| RECORDED DATA |

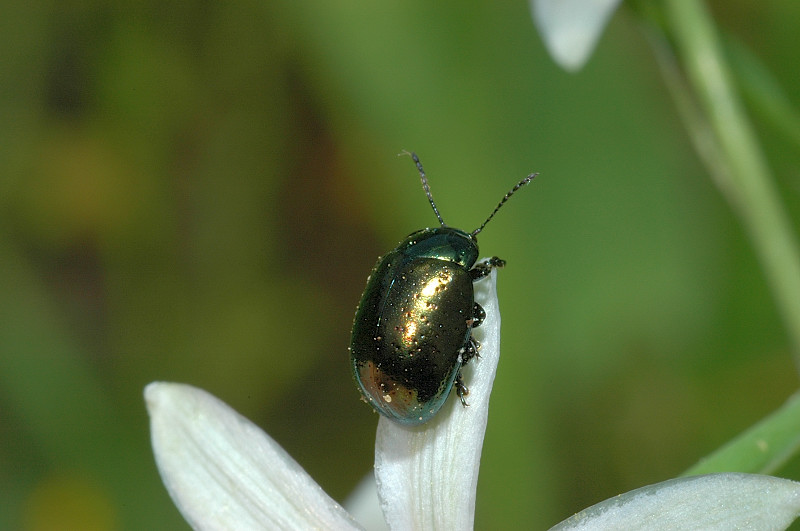 Chrysomelidae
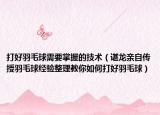 打好羽毛球需要掌握的技術(shù)（諶龍親自傳授羽毛球經(jīng)驗(yàn)整理教你如何打好羽毛球）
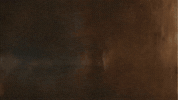 United States Usa GIF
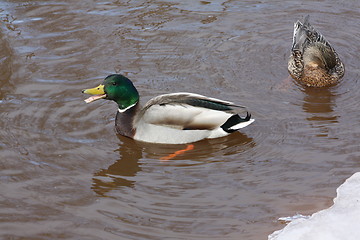 Image showing Male and female mallard ducks.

| WHAT THE TASK ASKS |
The whole listing is to be written out exactly; the pictures stay out of the copy.

| RESPONSE |
 Chrysomelidae
 打好羽毛球需要掌握的技術(shù)（諶龍親自傳授羽毛球經(jīng)驗(yàn)整理教你如何打好羽毛球）
 United States Usa GIF
 Image showing Male and female mallard ducks.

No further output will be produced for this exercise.